I turn my car for the last time onto this campus, here to get my 6-year-old son on his last day of kindergarten. My first- and second-born sons attended the inaugural year of this school in the fourth and second grades, respectively, and both graduated from elementary here.

So, why do I feel like I've just turned my car into Arlington National Cemetery?

Oh the memories. I watched them build this place. Brick by brick. The architecture is one of a kind. Every line, every color, every angle has intention. I watched the landscapers nestle this building into a desert paradise.

An energy gathered here. A revolution. A huge Petri dish for a radical experiment in education. What if we stopped pounding kids into the John Dewey mold? What if teaching a 5-year-old to sit quietly at a desk was not the victory we thought it was, and was instead an actual impedance to development and learning?

What if mediocrity and conformity were not our abiding guides?

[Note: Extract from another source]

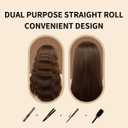 Hair Straightener and Curler 2 in 1 with Curls Bangs 1 1/4-Inch Flat Iron Curling Iron for Short Long Fine Hair Travel,Ceramic Coating,Anti-Scald,Fast Results,Smooth Styles Hair Iron,White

What if we paid attention to cutting-edge research, and especially brain research as it pertains to early childhood development? What if we admitted that standardized testing of pretty much any child younger than 8 yielded not much more information other than which children were good at taking tests?

What if we pried early elementary-age children out of the grasp of our culture's narcissistic parenting patterns and actually offered them an environment conducive to their own optimum development? Rote teaching, preplanned curriculums, rote assessments -- these things make modern parents feel comfortable and secure. What if, instead, we aimed solely at the best possible education for children, and expected parents to simply deal with it?

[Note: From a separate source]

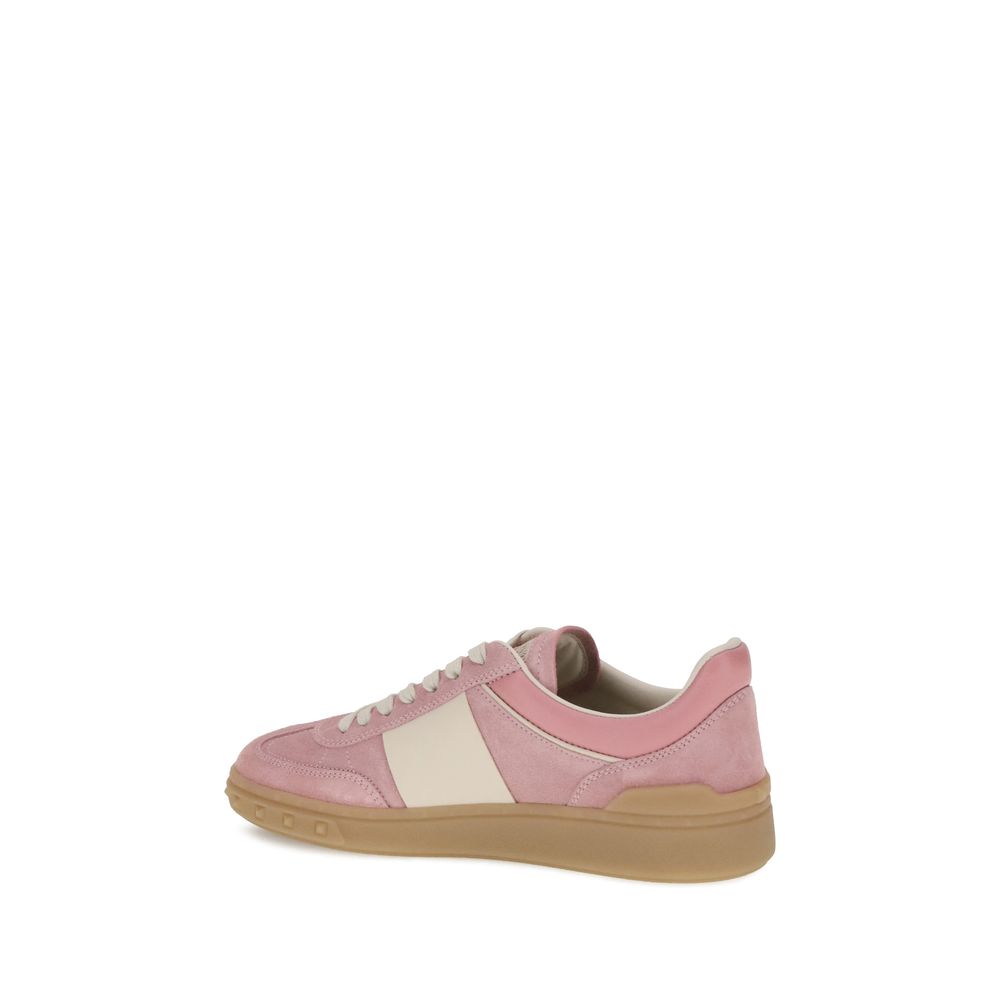 Valentino Garavani Multicolor Calf Leather Bos Taurus Low Top Sneakers - Image 3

What if we scheduled a developmentally appropriate length of school day for a kindergartener, and based that decision on serious research, instead of turning our concerns to appeasing parents inconvenienced by two carpool pickups?

What if nothing mattered more than teaching children to think critically?

The phrase "wag the dog" keeps nagging me.

These very sidewalks once hummed with excitement and optimism. I was energized every time I set foot on this campus, and jumped at every chance I had to be here. I am eternally grateful to the people who fought hard, economically speaking, for my children to attend here, seeing as how my hopelessly middle-class income couldn't touch the tuition and fees.

Stephen, Beth, Serena, Jennifer -- for the record, many of us parents saw your vision. We were uplifted by your unwavering optimism and your unrelenting advocacy for the best interests of our children. Strangely enough, my fondest memory of ya'll is you standing curbside every morning like doormen at a five-star hotel, welcoming each student to a new day of learning. Stephen's mantra? "Work hard; get smart." Still makes me smile.

Emergent curriculum, integrated curriculum, art, music, theater. Rote, schmote -- you people stopped pounding data into children and instead coaxed learning out of them like a devoted farmer romances fruits and vegetables out of the soil. Education, from the Latin educare ... "to call out." In the end, a classical education calls the Self out of the self. Yip. Nobody did it better.

These leaders today are welcomed nationally like rock stars where they now consult and train and invite other educators to the revolution. And none of them works here anymore. Five of the eight teachers of preschool and kindergarten plus the director have "resigned." It's an exodus.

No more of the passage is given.